L'infection congénitale à cytomégalovirus (CMV) affecterait 1 % des nouveau-nés. Parmi les 90 % asymptomatiques à la naissance, 5 à 15 % développeront des séquelles. Or, au-delà des premiers jours de vie, ni la sérologie, ni la virurie ne permettent de différentier une infection congénitale d'une infection péri- ou post-natale. Selon les données de la littérature, le diagnostic rétrospectif de l'infection congénitale à CMV serait envisageable à partir de la carte de Guthrie, unique prélèvement réalisé systématiquement au troisième jour de vie. Notre travail avait pour but de choisir et d'optimiser une méthode d'extraction de l'ADN viral à partir du sang séché, et d'étudier la pérennité de cette détection jusqu'à un an après la réalisation des cartes. Cette évaluation a été réalisée sur dix cartes témoins (dix sangs de cordon d'enfants nés de mères séronégatives pour le CMV au moment de la naissance, infectés expérimentalement par des dilutions croissantes de CMV). Cette étude a montré la sensibilité supérieure de l'extraction au phénol-chloroforme après traitement par la protéinase K, par rapport à celle par la chaleur ou par un kit commercialisé. Après six mois et un an, nous n'avons pas observé de perte de sensibilité de la détection. Une recherche rétrospective du CMV sur la carte de Guthrie pourrait dorénavant faciliter le diagnostic virologique tardif de séquelles d'une infection congénitale. Nous validons actuellement ce travail sur les cartes de Guthrie d'enfants dont l'infection congénitale à CMV est documentée.

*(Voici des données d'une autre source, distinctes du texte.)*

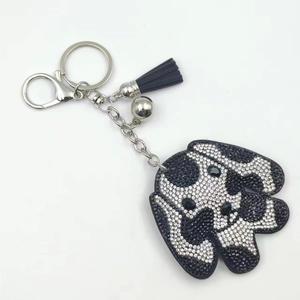 Porte-clés chien mignon en cristal avec pompon en cuir noir et anneau en métal argenté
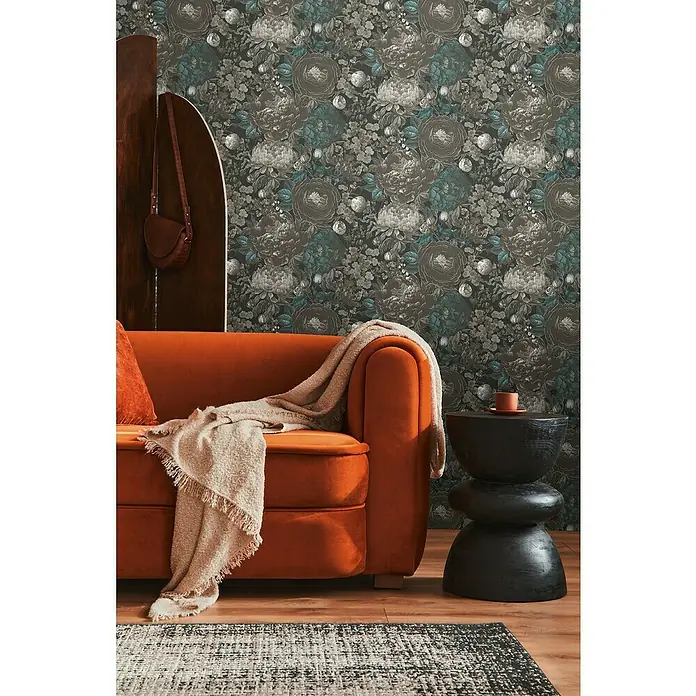 A.S. Création Michalsky Metropolis Vliestapete Blüten - Schwarz-Grau-Blau, Floral, 10,05 x 0,53 m - Elegantes Wohnzimmer mit orangefarbenem Sofa, gemusterter Tapete und dekorativem Beistelltisch.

Out of the 90% of cytomegalovirus (CMV) congenitally infected children that are asymptomatic at birth, 5 to 15% will later develop complications, mainly neurodevelopmental defects and/or deafness. Unfortunately, after the first 2 weeks of life, usual diagnostic techniques for CMV detection (viral culture and serology) are useless to differentiate congenital infection from post-natal acquired infection, whereas detection of viral DNA from dried blood spots (DBS; Guthrie cards), systematically collected from all newborns in the first days of life, has been described for late diagnosis of CMV congenital infection. The aim of our study was to choose and optimise a viral DNA extraction method from DBS and to study if CMV DNA detection is reliable when DBS are stored for 1 year at room temperature or 2 months at 37 °C. 10 reference cards (blood collected from CMV seronegative newborns (IgG/IgM negative) were “infected” with serial dilutions of virus and spotted on Guthrie cards) were tested. 3 extraction methods were evaluated, products of PCR were analyzes by agarose gel electrophoresis and quantification of CMV from DBS was also performed. Analysis of the results obtained from reference cards showed higher sensitivity of phenol/chloroform extraction following treatment with proteinase K, compared to heat extraction in cell culture medium or extraction with a commercial kit. We did not observe quantitative loss of viral DNA after 1 year storage at room temperature. CMV DNA detection from Guthrie cards could become a very useful tool for retrospective diagnosis of congenital CMV infection when sequelae are diagnosed in the first years of life. We are pursuing this study with DBS from congenitally infected children.